Vision Quest

Feb 20, 2022 13:40

5:00 AM:

Alarm goes off. Hits snooze. This repeats for an hour.

6:00 AM:

Wakes up. WHOOO!!! VISION QUEST DAYYYYY!

6:05 AM:

Eats a mushroom cap. Pees. Starts walking towards gas station for coffee and water.

6:37 AM:

Sips coffee. Looks at the other mushroom. “Fuck it. Let’s go.” Eats other mushroom.

6:54 AM:

Ok. Let’s see how long it takes to climb that mountain.

6:58 AM:

Hits a fence, turns around.

7:15 AM:

Lights a cig on top of the mountain. “That…did not take as long as expected.”

7:25 AM:

“Ope. Feeling a lil funny. The world is twinkling. Time to go explore.”

7:40 AM:

Finds abandoned mine. Nips moonshine. Takes pictures. Spills coffee.
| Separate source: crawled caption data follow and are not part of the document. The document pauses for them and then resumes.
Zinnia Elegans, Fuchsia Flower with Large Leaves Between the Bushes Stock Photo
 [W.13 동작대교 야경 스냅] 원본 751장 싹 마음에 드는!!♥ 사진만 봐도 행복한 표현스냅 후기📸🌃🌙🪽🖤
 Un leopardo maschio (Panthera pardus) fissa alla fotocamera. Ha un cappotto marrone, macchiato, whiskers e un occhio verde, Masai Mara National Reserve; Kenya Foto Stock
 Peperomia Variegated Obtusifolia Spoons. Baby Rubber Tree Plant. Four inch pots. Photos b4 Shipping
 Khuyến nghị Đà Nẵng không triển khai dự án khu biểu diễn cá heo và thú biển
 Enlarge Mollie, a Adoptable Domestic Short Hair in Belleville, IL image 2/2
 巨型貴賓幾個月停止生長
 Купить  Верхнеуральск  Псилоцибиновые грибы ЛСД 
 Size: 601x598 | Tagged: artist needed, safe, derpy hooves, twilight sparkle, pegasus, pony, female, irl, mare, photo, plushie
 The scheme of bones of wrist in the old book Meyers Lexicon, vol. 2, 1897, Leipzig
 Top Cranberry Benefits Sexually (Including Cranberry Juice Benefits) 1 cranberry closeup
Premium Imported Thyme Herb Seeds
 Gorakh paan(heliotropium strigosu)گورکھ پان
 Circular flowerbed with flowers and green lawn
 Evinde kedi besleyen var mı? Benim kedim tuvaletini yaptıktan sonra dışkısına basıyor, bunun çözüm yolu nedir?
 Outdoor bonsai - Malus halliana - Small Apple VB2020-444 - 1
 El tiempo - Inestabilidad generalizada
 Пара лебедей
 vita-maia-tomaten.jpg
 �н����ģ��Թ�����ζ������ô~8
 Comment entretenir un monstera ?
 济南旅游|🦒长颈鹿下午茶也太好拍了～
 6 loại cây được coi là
8:00 AM: “…Imma just walk that way into the desert and see what happens. What’s that over there? How far is that? Let’s find out.”

9:00 AM:

On a completely different mountain. Feelin’ great about everything.

9:10 AM:

“I should climb another mountain. I also should have eaten more mushroom.”

9:25 AM:

“That mountain was easy. I should climb another mountain. I totally should have eaten more mushrooms.”

9:37 AM:

“THATS THE BIGGEST MOUNTAIN!!! These were easy. That can’t be as big as it looks. Should I try it?”

9:40 AM:

“I’m gonna climb the biggest mountain. No problem. I can be back down by noon.”

9:45 AM

“OUCH!!! Fuckin thorns. Wait what is that. GLASS?! In the desert? Seriously. Is this a sign? Should I not climb that mountain?”

9:48 AM:

Gets glass out of flip flop. “FUCK THAT. Not a sign. Let’s climb this mountain. Which path should I take. There’s a wash. There’s another wash. But I think if I go right here it’s the quickest way up to the spine and it looks like there’s a switchback. I should have eaten more mushrooms…”

9:56 AM:

“Ok. Ok. Watch your step. Just get to that red cactus and it looks like it levels out.”

10:15:

Gets to red cactus. It does not level out, gets steeper.

10:18 AM:

“Holy shit holy shit holy shit. Don’t look backwards. Just keep going forward. DONT LOOK DOWN. I’m so glad I didn’t eat more mushrooms.” Takes big furry coat off.

10:20: Throws big furry coat up. Climbs to it. Repeat for several minutes.

10:50 AM:

“I fucked up.”

10:52 AM:

“There is uhhhh…not a way down. And no good way to continue up. Am…am I stuck? How much does a helicopter ride cost? What the fuck was I thinking. Should have listened to that glass in my shoe. I am totally still trippin. This is how I die. For sure. Like, makes waaaaay too much sense. Falling of a mountain? Yup. That’s it. Better make a Facebook post so they know where to look for my corpse.”

11:10 AM:

“Ok seriously though. How am I gonna get down? NOT the way I just came. No way. Impossible. That almost looks like a level down there, but what’s past it? Another cliff? Fuuuuuck man. Ok. I gotta try.” Throws coat. Scoots down cliff side towards it.

11:15 AM:

Throws coat. Scoots down cliff side towards it. Tries not to cause a rockslide. Has panic attack. Repeat many times.

11:30 AM:

steadily grounded in wash. Stands upright. “fuuuuuuck ok. Phew. That was close.” Nips moonshine.

11:53 AM:

Calls Justeen. Goes off about epic tale.

12:15 PM:

“I need a sandwich.”

12:30 PM:

Eats tuna sandwich.

12:45 PM:

Returns to RV a changed man. Need to make a few phone calls and tell people how much I love em. Mushrooms have pretty much completely worn off. VISION QUEST SUCCESS.